- _Dataset content_
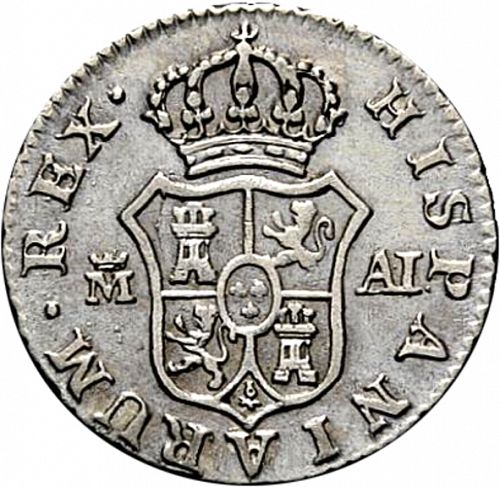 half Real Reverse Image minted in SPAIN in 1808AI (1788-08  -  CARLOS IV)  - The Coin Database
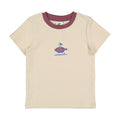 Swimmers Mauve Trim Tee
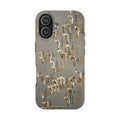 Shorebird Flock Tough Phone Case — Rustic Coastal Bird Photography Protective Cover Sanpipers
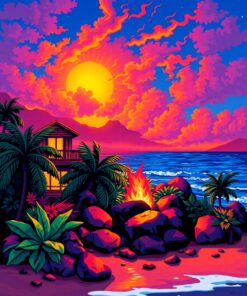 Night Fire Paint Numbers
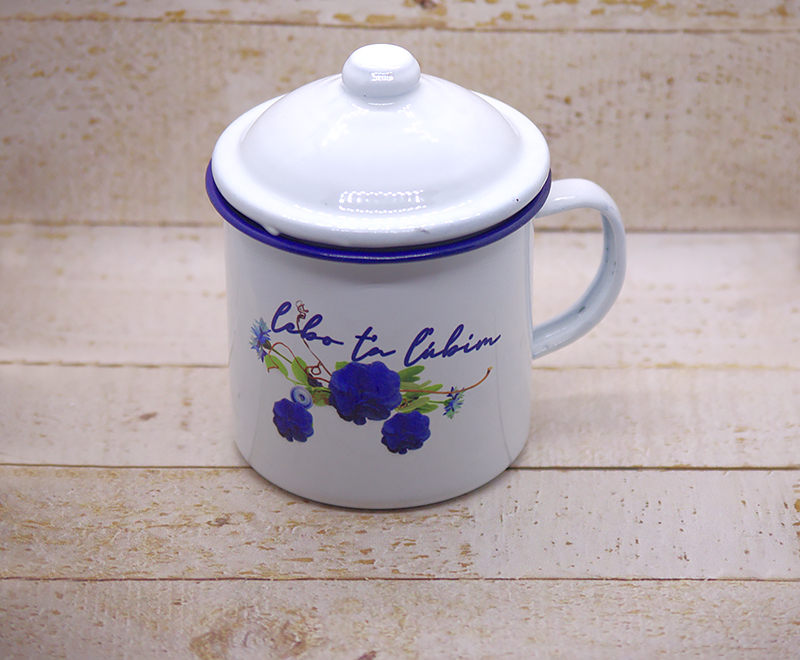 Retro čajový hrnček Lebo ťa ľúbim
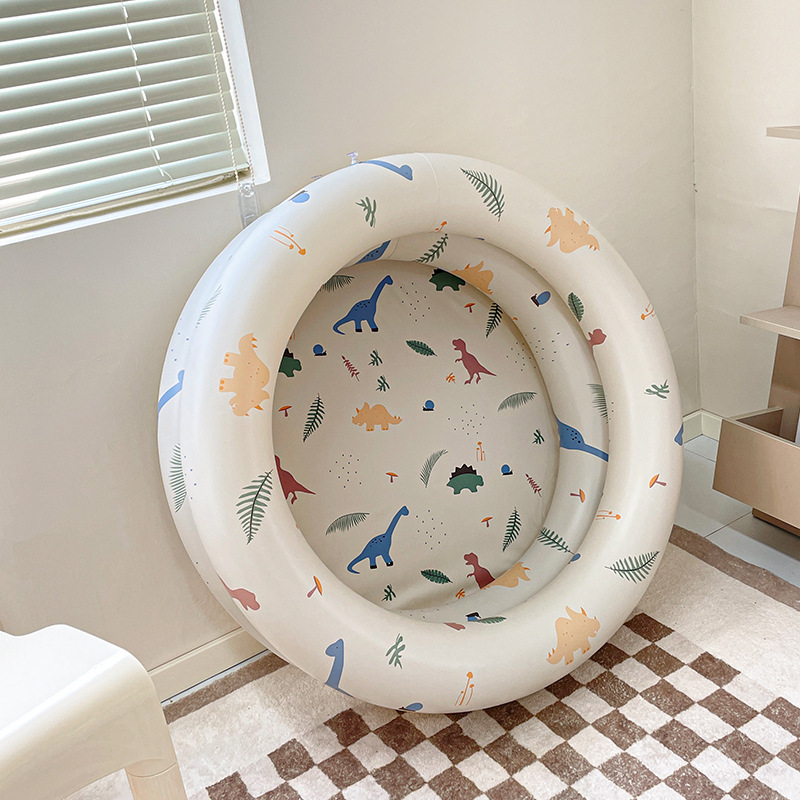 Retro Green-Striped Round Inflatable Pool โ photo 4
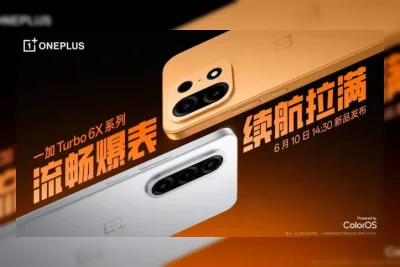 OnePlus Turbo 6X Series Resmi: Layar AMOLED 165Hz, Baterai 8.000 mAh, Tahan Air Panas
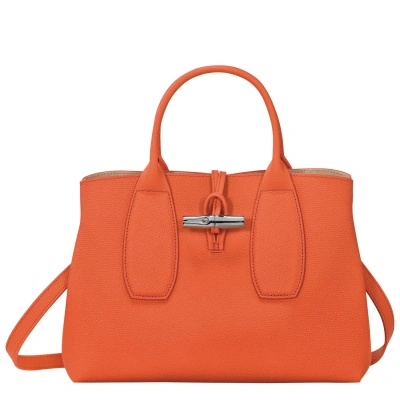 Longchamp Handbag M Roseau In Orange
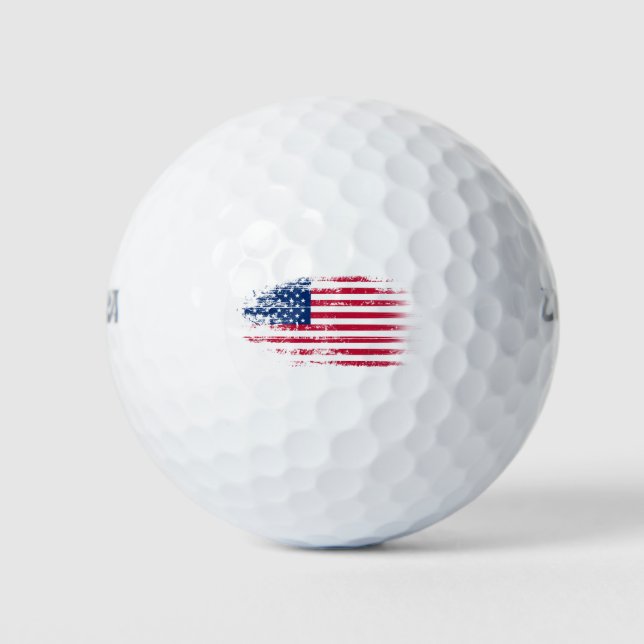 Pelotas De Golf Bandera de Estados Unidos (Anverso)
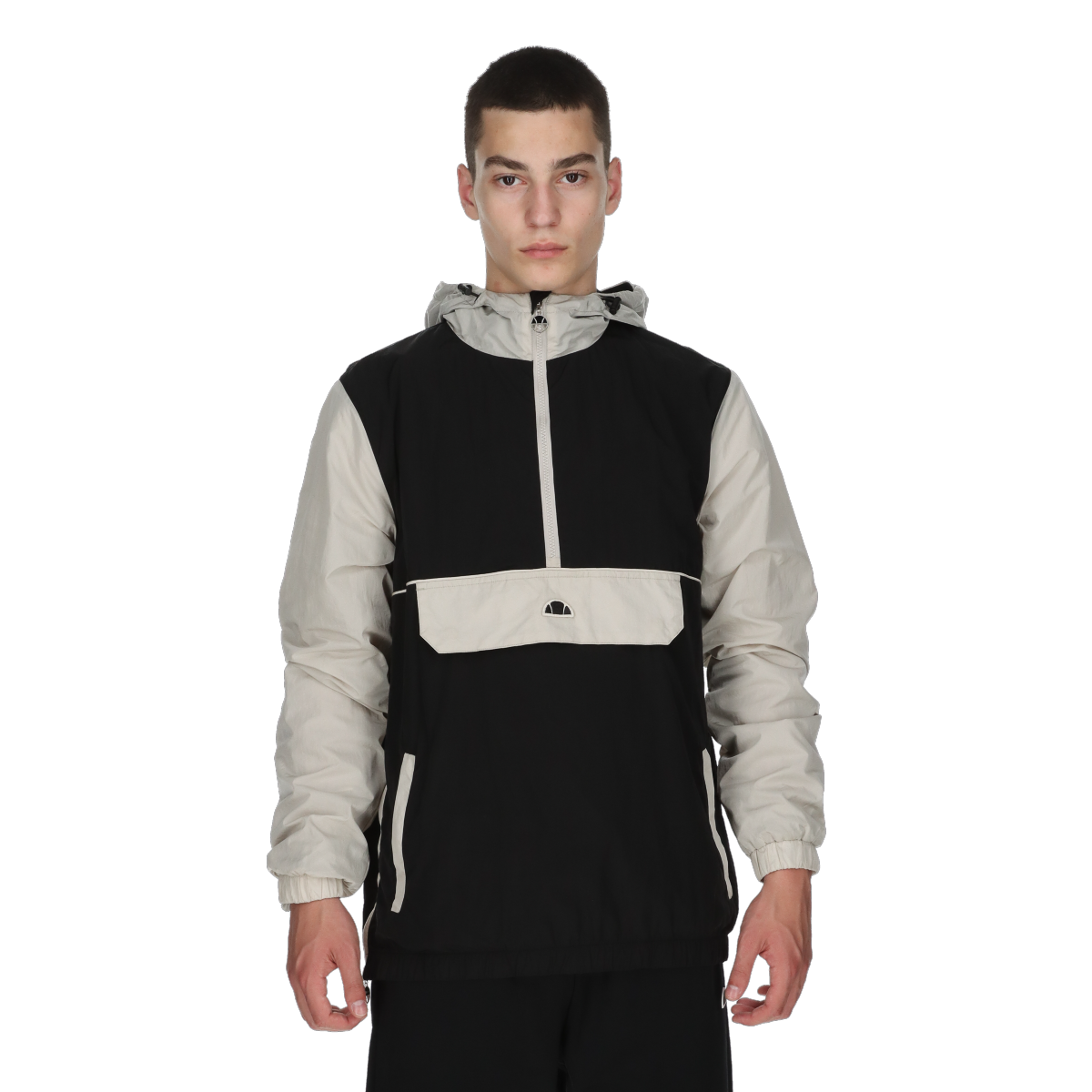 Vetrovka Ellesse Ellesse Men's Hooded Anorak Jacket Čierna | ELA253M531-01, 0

- _Aim of the exercise_
Once the line with "Swimmers Mauve Trim Tee" is found above, print it and every line after it through the line with "OnePlus Turbo 6X", exactly. Pictures stay out.

- _Result for this exercise_
 Swimmers Mauve Trim Tee
 Shorebird Flock Tough Phone Case — Rustic Coastal Bird Photography Protective Cover Sanpipers
 Night Fire Paint Numbers
 Retro čajový hrnček Lebo ťa ľúbim
 Retro Green-Striped Round Inflatable Pool โ photo 4
 OnePlus Turbo 6X Series Resmi: Layar AMOLED 165Hz, Baterai 8.000 mAh, Tahan Air Panas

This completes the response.